For Existing Holders: Consider exiting on any technical bounce towards ₹42-₹44 levels. The sustained underperformance, weak operational metrics, and absence of positive catalysts suggest limited near-term upside. The stock's classification as "high risk, low return" with negative risk-adjusted returns over one year underscores the opportunity cost of holding. Only long-term investors with high risk tolerance and conviction in eventual turnaround should maintain positions.

Fair Value Estimate: ₹32-₹35 (18-25% downside from current levels) based on 6-7x sustainable earnings and 0.5-0.6x book value, reflecting below-average quality and uncertain growth prospects.

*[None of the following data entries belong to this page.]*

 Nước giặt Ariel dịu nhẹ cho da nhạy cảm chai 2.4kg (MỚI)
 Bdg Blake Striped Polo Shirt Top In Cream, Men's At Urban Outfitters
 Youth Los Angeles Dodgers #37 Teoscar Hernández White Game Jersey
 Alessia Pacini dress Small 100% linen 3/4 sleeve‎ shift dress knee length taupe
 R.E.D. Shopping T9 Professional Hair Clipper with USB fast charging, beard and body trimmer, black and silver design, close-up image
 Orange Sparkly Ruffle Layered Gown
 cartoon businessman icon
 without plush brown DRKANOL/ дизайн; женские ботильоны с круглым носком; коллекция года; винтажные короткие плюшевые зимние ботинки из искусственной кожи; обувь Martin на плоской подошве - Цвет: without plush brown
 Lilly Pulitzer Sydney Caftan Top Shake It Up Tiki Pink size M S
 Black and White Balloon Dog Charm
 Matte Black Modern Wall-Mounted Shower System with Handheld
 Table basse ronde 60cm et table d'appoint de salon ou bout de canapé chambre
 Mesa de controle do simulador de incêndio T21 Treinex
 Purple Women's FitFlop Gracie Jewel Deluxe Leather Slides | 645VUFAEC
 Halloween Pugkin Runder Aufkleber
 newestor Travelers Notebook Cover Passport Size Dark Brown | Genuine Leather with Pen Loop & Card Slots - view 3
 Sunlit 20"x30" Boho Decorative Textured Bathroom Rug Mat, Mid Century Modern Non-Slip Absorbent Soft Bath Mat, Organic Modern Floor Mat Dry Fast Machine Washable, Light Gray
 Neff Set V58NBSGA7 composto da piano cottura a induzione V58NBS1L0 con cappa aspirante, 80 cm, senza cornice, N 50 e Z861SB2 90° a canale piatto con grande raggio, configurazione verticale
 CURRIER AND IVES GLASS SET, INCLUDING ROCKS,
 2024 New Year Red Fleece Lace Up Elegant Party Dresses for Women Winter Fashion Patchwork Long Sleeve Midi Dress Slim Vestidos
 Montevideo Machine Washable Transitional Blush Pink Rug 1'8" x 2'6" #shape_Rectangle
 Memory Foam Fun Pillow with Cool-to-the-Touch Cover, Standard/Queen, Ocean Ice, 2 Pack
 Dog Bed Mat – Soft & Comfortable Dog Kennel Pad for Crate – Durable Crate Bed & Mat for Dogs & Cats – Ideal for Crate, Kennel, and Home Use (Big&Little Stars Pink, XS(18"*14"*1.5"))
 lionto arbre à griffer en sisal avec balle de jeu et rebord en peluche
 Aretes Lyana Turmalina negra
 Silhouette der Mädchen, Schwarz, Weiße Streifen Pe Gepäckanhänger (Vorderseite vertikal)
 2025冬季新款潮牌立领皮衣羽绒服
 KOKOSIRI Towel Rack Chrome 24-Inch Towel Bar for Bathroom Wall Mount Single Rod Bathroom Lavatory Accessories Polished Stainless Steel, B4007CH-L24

Note— ROCE = (EBIT - Other income)/(Capital Employed - Cash - Current Investments)

⚠️ Investment Disclaimer

This article is for educational and informational purposes only and should not be construed as financial advice. Investors should conduct their own due diligence, consider their risk tolerance and investment objectives, and consult with a qualified financial advisor before making any investment decisions. Past performance does not guarantee future results, and all investments carry risk of loss.